Posted by Rob Anderson
rob@ComicsExperience.com
Twitter / Facebook

Tuesday, January 10, 2012

Breaking In / Making Comics TweetUp 1/4/12 - Question & Answer Highlights!

icon-designed-by-thedesignsuperhero.comLast week, Comics Experience held its first TweetUp, using the hashtag #CMXEXP, allowing Twitter users to speak directly with comics professionals about breaking in and making comics.

Former Marvel and IDW editor Andy Schmidt, artist Robert Atkins and colorist Chris Sotomayor answered more than 70 questions on the comics craft, networking at conventions, preparing a great pitch and many other topics.

The Tweet Event participants all have Comics Experience courses beginning in January, including Introduction to Comic Book Writing, Introduction to Comic Book Coloring, and Advanced Comic Book Art.
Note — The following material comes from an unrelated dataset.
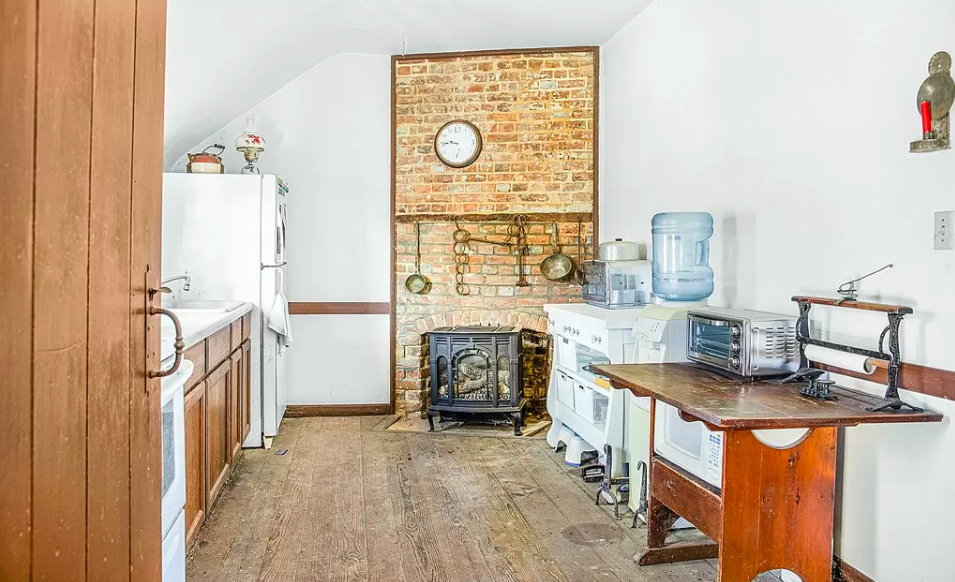 Colonial Home: A Peek Inside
You can follow our instructors on Twitter right here:
@ComicExperience -- Andy Schmidt
@SotoColor -- Chris "Soto" Sotomayor
@RobertAtkinsArt -- Robert Atkins

Here are just a few of the questions and answers from the event. And tomorrow we'll hit some of the questions we weren't able to answer during the live session!

---- WRITING ----

@rdouek
When someone says "good idea, but you need to push it", what are some good strategies for doing that?

Andy Schmidt
For "pushing it" what I do is take my concept and circle it in the middle of a sheet of paper. Then I draw lines out like spokes on an old wheel. At the end of each spoke, I come up with something unique that comes from the concept. How it affects young people, mothers, different races, politics, the weather, the economy, the environment, and so on. Pushing a concept means you may not be getting the full potential out of it yet.



@joesergi1
What is the one thing I could do today to be a better writer?

Andy Schmidt
Write something you're not good at or haven't done yet. Stretch genre and format. and do the research on those things.



@bebernal
Do you like when a script has camera angle suggestions often?

Robert Atkins
No, Unless it is specific to story or mood. I take them as suggestions. If I find a better composition I will use it

Andy Schmidt
I don't like camera angle suggestions often. Most artists have better ideas on this than most writers (general rule) .

---- ART ----

@DangerDigest
Do you have any personal rules for when it's appropriate to break action out of a panel border or into the bleed?

Robert Atkins
Only when it leads to the next consecutive panel, never move the action backwards. It's RARELY necessary.



@trobinson79
What should a penciler focus on first when he hasn't drawn in 8 years (i.e. me)

Andy Schmidt
Panel layout, I think. I could always tell the guys who weren't into telling stories from their panel layouts. The guys who do want to tell stories, have nice, clean layouts. I wanted to know what the story was FIRST

Robert Atkins
Sketching in a sketchbook, figures, places, hands and faces. ALWAYS draw on your free time to get back into a groove.

---- COLORING ----

@LewisJasonR
Any tips on when it's appropriate to add textures and how much?

Chris Sotomayor
As long as it doesn't distract the reader, you're okay. But I always recommend a subtle touch so as not to clutter. Also, more open line art can sometimes support the use of textures pretty well. But again, a subtle touch is best.



@rdouek
I'm already married. Will taking your coloring class cause me to leave my wife for it?

Chris Sotomayor
No, but it'll make your marriage better. You'll gain a better understanding of each other's needs.

@rdouek
IS THERE ANYTHING YOUR CLASS CAN'T DO? :)

Chris Sotomayor
My class is Supreme and all encompassing!

@RobertEAnderson
For those who didn't ALREADY know Chris Sotomayor’s Coloring class is better than marriage, read here: http://blog.comicsexperience.com/2011/09/soto-on-why-coloring-class-is-better.html



@lewisjasonr
Any Time management tips for colorists?

Chris Sotomayor
Try to section your day & see how long it realistically takes to color a page. Set small goals & learn the quick keys.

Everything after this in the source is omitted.